Instructions for the task — For the material below, reproduce exactly each line from the one that has "The body control" through the one that has "Thank you. I", and no others; pictures stay out.

Recorded information —
━━━━━━

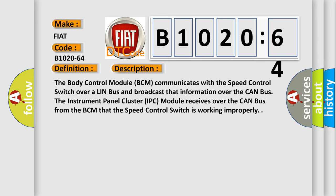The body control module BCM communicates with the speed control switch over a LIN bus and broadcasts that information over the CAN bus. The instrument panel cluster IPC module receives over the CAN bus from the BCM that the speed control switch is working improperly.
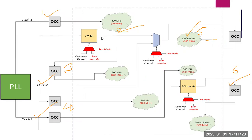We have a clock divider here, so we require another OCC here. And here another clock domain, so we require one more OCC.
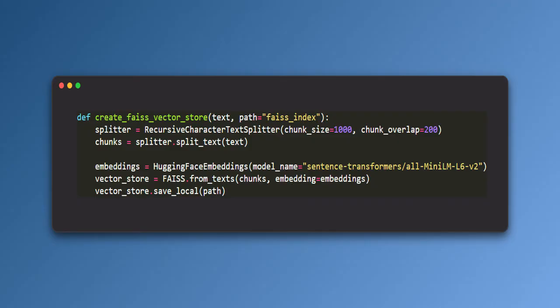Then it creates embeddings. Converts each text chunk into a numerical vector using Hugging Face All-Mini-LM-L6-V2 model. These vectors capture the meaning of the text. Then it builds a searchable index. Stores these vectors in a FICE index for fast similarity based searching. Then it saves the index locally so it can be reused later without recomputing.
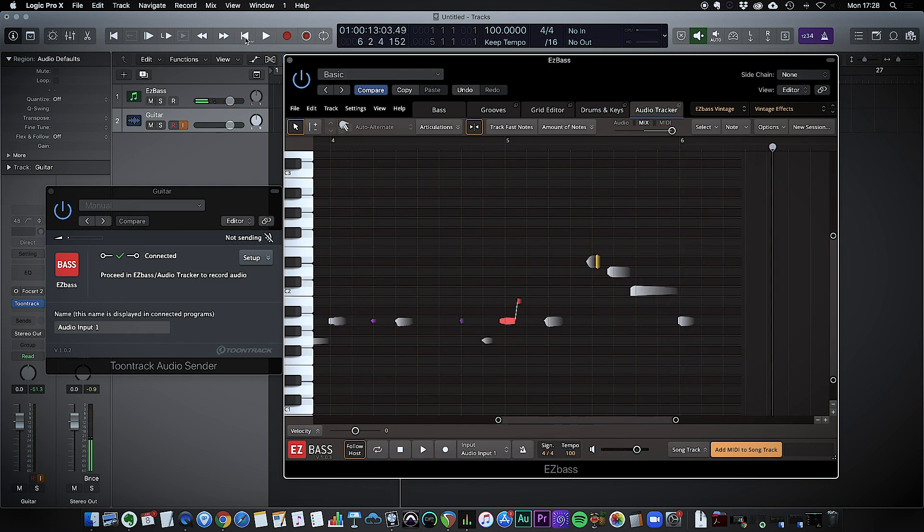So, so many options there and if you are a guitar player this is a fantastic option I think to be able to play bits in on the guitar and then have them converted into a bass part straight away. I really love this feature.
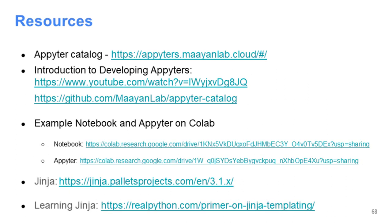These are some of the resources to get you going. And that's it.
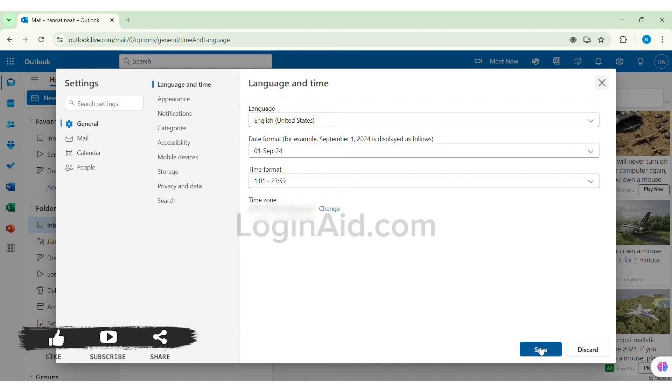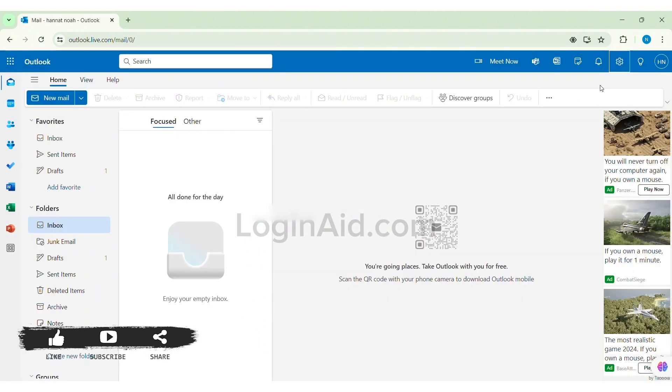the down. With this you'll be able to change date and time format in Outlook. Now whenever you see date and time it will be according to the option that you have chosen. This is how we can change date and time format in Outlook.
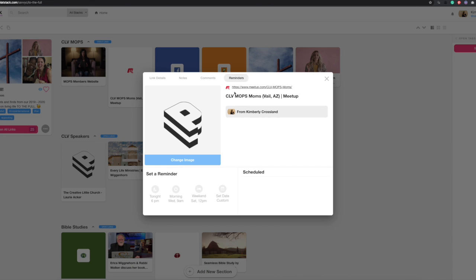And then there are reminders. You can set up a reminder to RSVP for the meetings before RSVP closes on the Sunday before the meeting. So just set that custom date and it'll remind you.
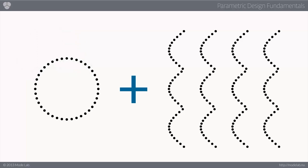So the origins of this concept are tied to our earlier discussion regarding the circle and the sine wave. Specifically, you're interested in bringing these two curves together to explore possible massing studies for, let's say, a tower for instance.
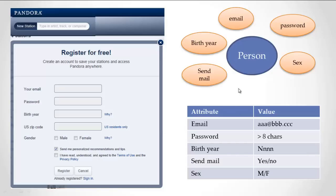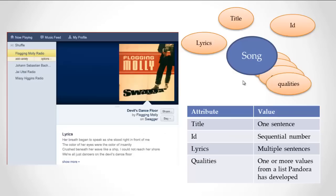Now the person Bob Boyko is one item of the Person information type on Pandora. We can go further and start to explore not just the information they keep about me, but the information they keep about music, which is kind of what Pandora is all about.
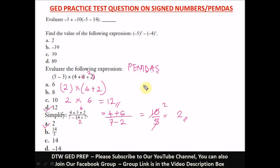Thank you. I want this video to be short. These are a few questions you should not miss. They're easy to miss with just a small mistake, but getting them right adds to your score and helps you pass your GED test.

━━━━━━

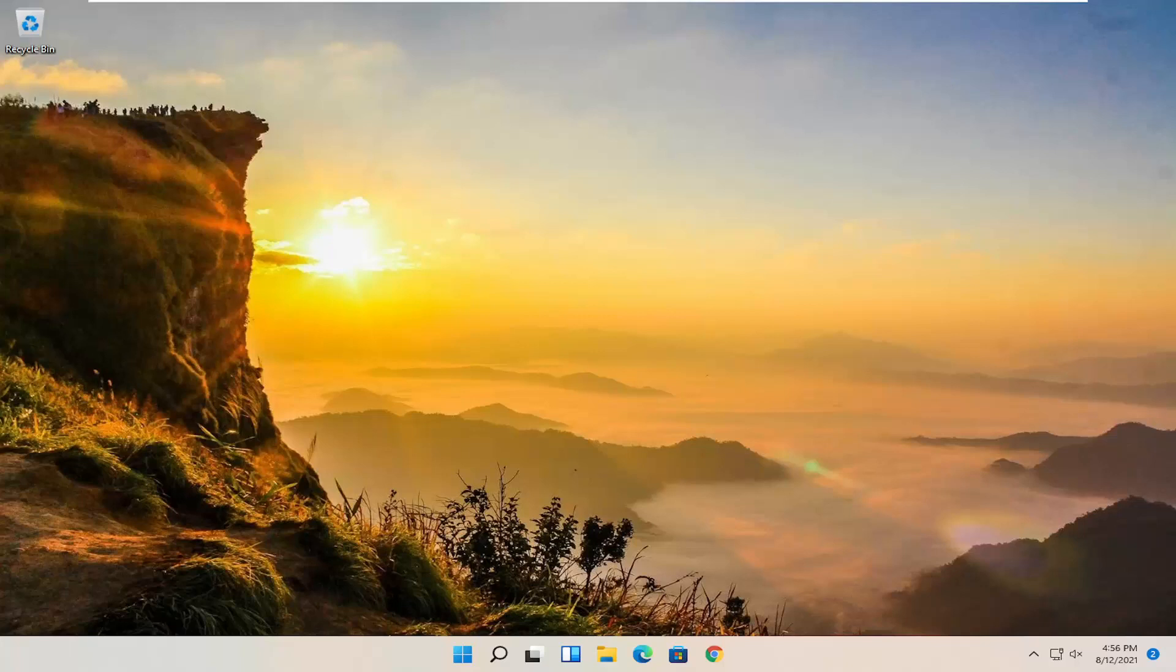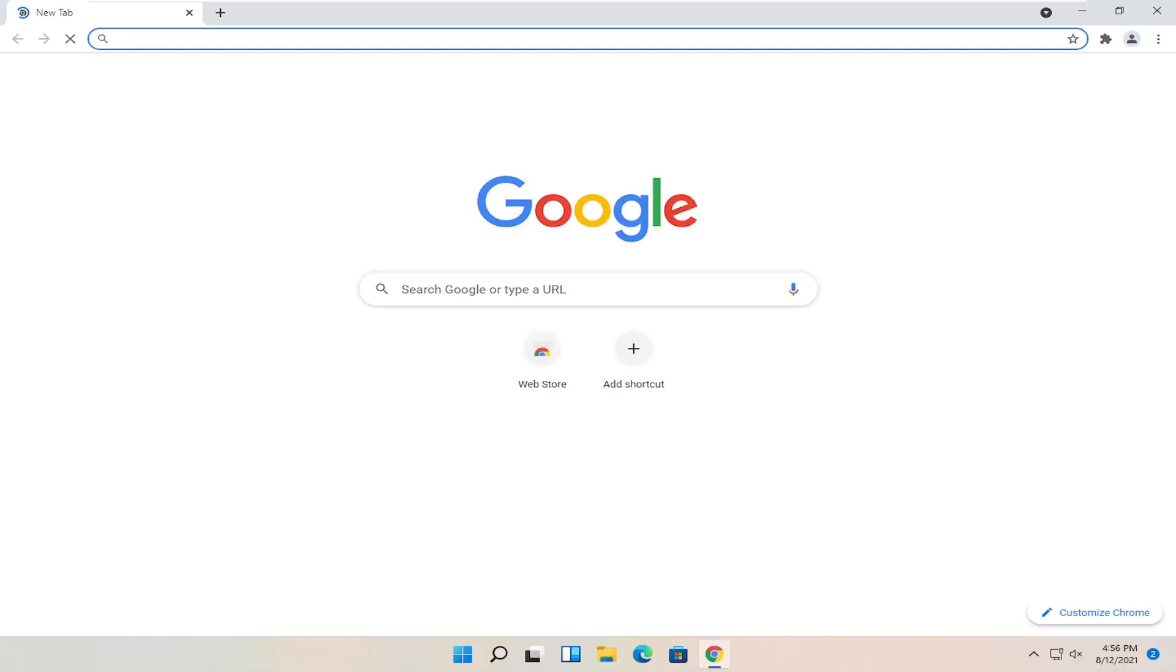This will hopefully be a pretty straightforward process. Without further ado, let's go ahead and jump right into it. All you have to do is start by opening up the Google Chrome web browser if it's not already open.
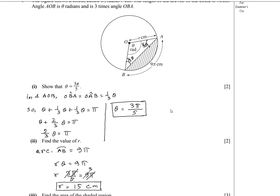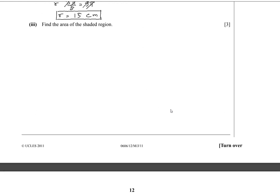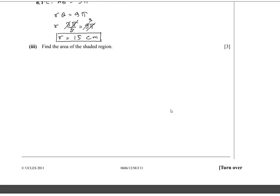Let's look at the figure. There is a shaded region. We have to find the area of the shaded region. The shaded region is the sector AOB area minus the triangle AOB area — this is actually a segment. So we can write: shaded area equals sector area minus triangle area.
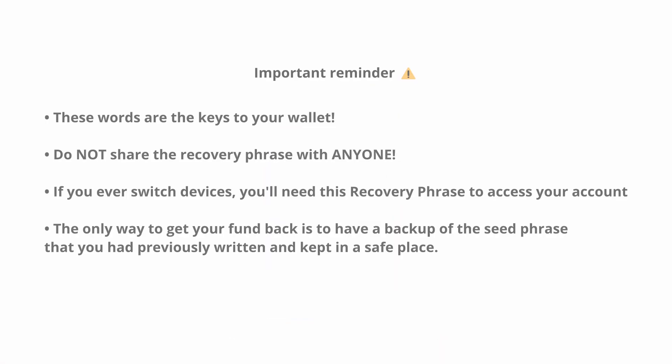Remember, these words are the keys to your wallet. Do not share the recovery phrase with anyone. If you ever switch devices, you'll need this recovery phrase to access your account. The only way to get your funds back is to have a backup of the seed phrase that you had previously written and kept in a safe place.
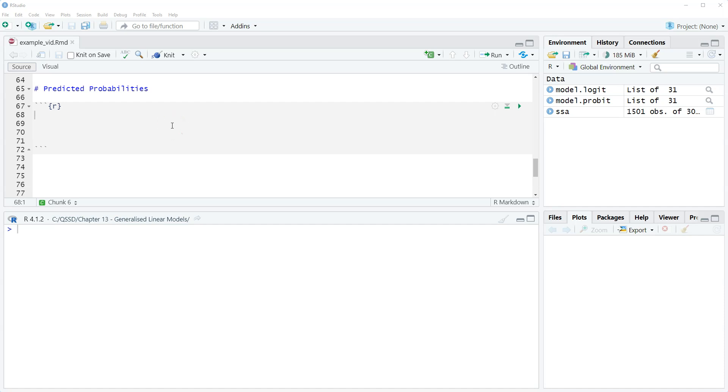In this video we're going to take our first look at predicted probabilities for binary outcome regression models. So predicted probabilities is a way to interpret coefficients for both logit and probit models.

━━━━━━

Written response —
The body control module BCM communicates with the speed control switch over a LIN bus and broadcasts that information over the CAN bus. The instrument panel cluster IPC module receives over the CAN bus from the BCM that the speed control switch is working improperly.
We have a clock divider here, so we require another OCC here. And here another clock domain, so we require one more OCC.
Then it creates embeddings. Converts each text chunk into a numerical vector using Hugging Face All-Mini-LM-L6-V2 model. These vectors capture the meaning of the text. Then it builds a searchable index. Stores these vectors in a FICE index for fast similarity based searching. Then it saves the index locally so it can be reused later without recomputing.
So, so many options there and if you are a guitar player this is a fantastic option I think to be able to play bits in on the guitar and then have them converted into a bass part straight away. I really love this feature.
These are some of the resources to get you going. And that's it.
the down. With this you'll be able to change date and time format in Outlook. Now whenever you see date and time it will be according to the option that you have chosen. This is how we can change date and time format in Outlook.
And then there are reminders. You can set up a reminder to RSVP for the meetings before RSVP closes on the Sunday before the meeting. So just set that custom date and it'll remind you.
So the origins of this concept are tied to our earlier discussion regarding the circle and the sine wave. Specifically, you're interested in bringing these two curves together to explore possible massing studies for, let's say, a tower for instance.
Now the person Bob Boyko is one item of the Person information type on Pandora. We can go further and start to explore not just the information they keep about me, but the information they keep about music, which is kind of what Pandora is all about.
Thank you. I want this video to be short. These are a few questions you should not miss. They're easy to miss with just a small mistake, but getting them right adds to your score and helps you pass your GED test.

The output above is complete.